I was recently encouraged to partake in the annual "hackathon" that the Google club at my school puts on. That's right, the Google club. If you're unfamiliar with the idea of a hackathon then fuck you die. In this industry it is very common for companies to gather 100s of stinky undergraduates eager for a job or a morsel of tech capital in a room for a 24 hour binge. These unshowered friendless incels then hobble together in "teams" and do something called "speaking to each other" so they can supposedly generate some shareholder value. They stay up late, wake up early, and write the worst code imaginable over an extra-narrow slice of Papa Johns cheese pizza on a paper plate. But not a real paper plate, one of those wax ones with the blue rim. And they give you some coke in a plastic little cup. Less than one can though. Oh and the company stickers and free merchandise for advertisement to your friends. Anyway, these virgin gouls have no time to think, no time to make real decisions, no time to coordinate their labor power, and don't even have a voice in what they create. They sprint as quickly as possible to the finish line set by their manager hackathon director.

It is a misconception that the "hackathon" is named after the verb "to hack" as in "to cut roughly" (through security) or even "to endure" (although the test of the hackathon is mental/emotional endurance). Instead, the hackathon is named after the meaning "to wretch" or better yet the "hackney" horse; truly, the hackathon is a miserable collective 100 man-days of toil and work horsing. In a hackathon, the apparent or contingent competition is among participants, but the latent antagonism (as always) is between capital and labor. No matter who wins the hackathon, capital always wins. And whoever "wins" the hackathon is the one most willing to put their health on the line and do unpaid work overnight on the weekends and lock-in and make really important crucial sacrifices of free-time and energy and life and family and do really quite honest and admirable work in silence without asking for acknowledgement or praise or "thank you"s thank you very much; that is, the most employable. All of this and more for free (thanks) to the event's "sponsor"

Oh yea, did I mention that hackathons have sponsors? Companies will routinely throw money at this cesspools, in exchange for being given the right to define the hackathon "theme" or target problem, and also being given all the submissions to be "judged" (read: used) under free licensing agreements. Sometimes competing companies like Google and Microsoft will even co-sponsor events to manage common pool (human) resources and guarantee long-term cheap labor. The judges at these things are unpaid, but act as a go-betweens for the sponsor, so they can take the best possible code for themselves and recruit the most slavish workers. But so often hackathons don't even pretend to promise employment or even interviews to the winners, so there is never "labor debt" incurred by the sponsors. Instead, an internal bug/infrastructure problem that used to cost a company a week of highly trained salaried work by a team of 5 can now be jointly solved by 20+ untrained and unpaid (and unwashed) teams. They call them teams because they're paid in food like horses by the way. And in no way are these equine participants organized enough to demand dignity; the events are all virtual, voluntary, anonymous (you never meet your competitors), and temporary (one weekend long only). The prize money is often just enough to get the most desperate bottom-of-the-barrel lowest-common-denominator coder to compete, but the chances of splitting $500 5 ways after 20 hours of work are less than 1 in 50 usually. So the expected value hourly rate is something like a measly 10 cents. But you'll do the free work for the resume or you'll work a worse job, loser.

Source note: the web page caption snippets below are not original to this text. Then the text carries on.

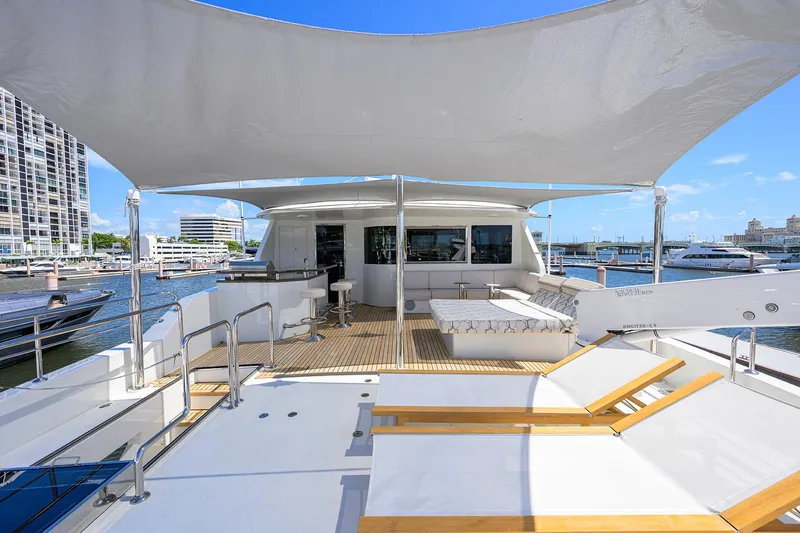 Claypen Yacht Photos Pics Luxurious 2013 Ocean Alexander Sky Lounge yacht with spacious deck and modern amenities.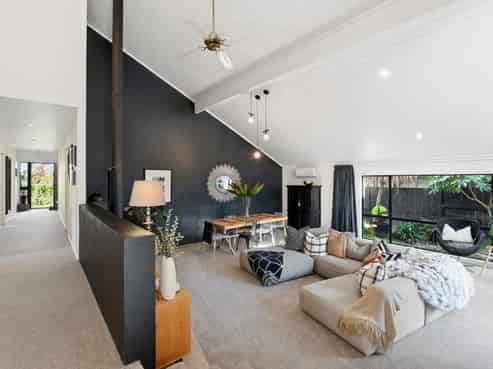 78 Iles Road, Lynmore
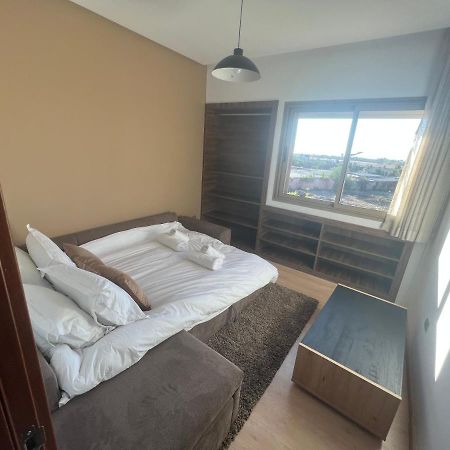 Superbe Appartement, Vue Sur Golf, Piscine Et Atlas 马拉喀什 外观 照片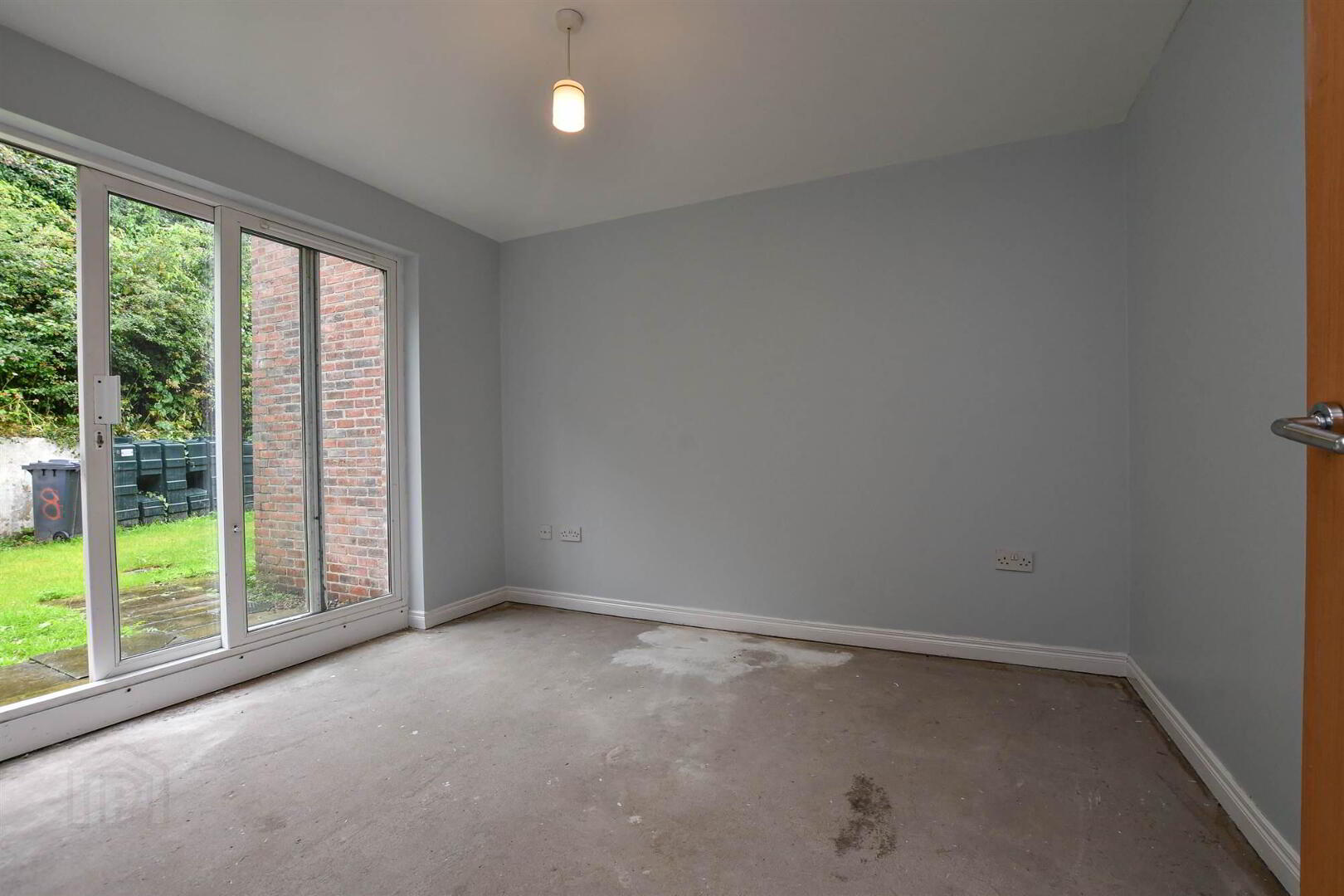 9 Meadowfields Close 9 of 13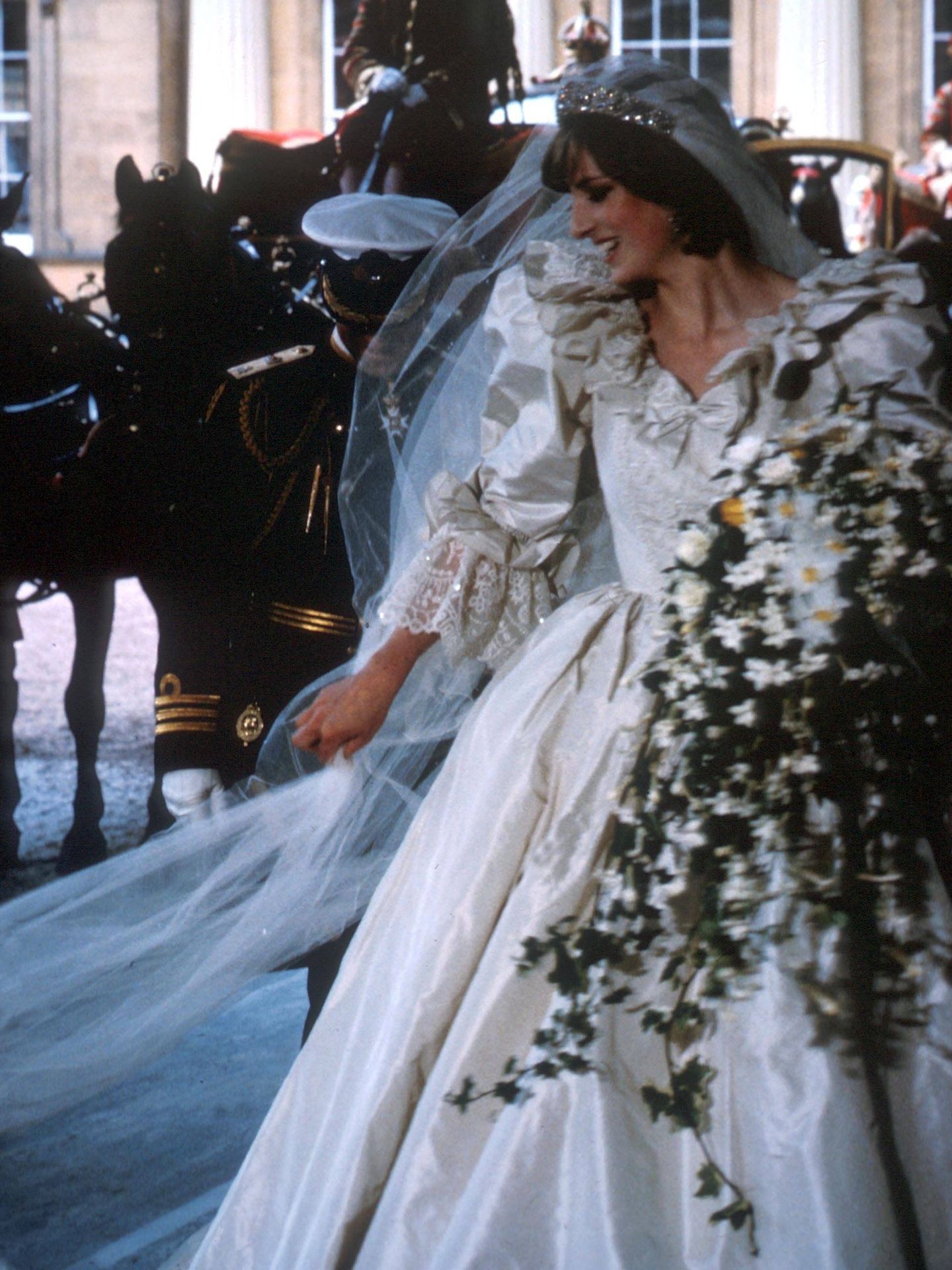  Diana, el día de su boda. (Cordon Press)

Hackathons used to be actually real community events, just like LAN parties. In the past people did get together to hack computers and take down servers and make highly illegal frequency jammers and steal passwords from banks. But now the banks run the hackathons, and the ones getting hacked are the ones writing the code. The practice was besieged and co-opted by tech recruiters in the way all other social production is commodified, but maybe more-so in the way the lumpen are recruited to join the military, rather than the way that weed was legalized.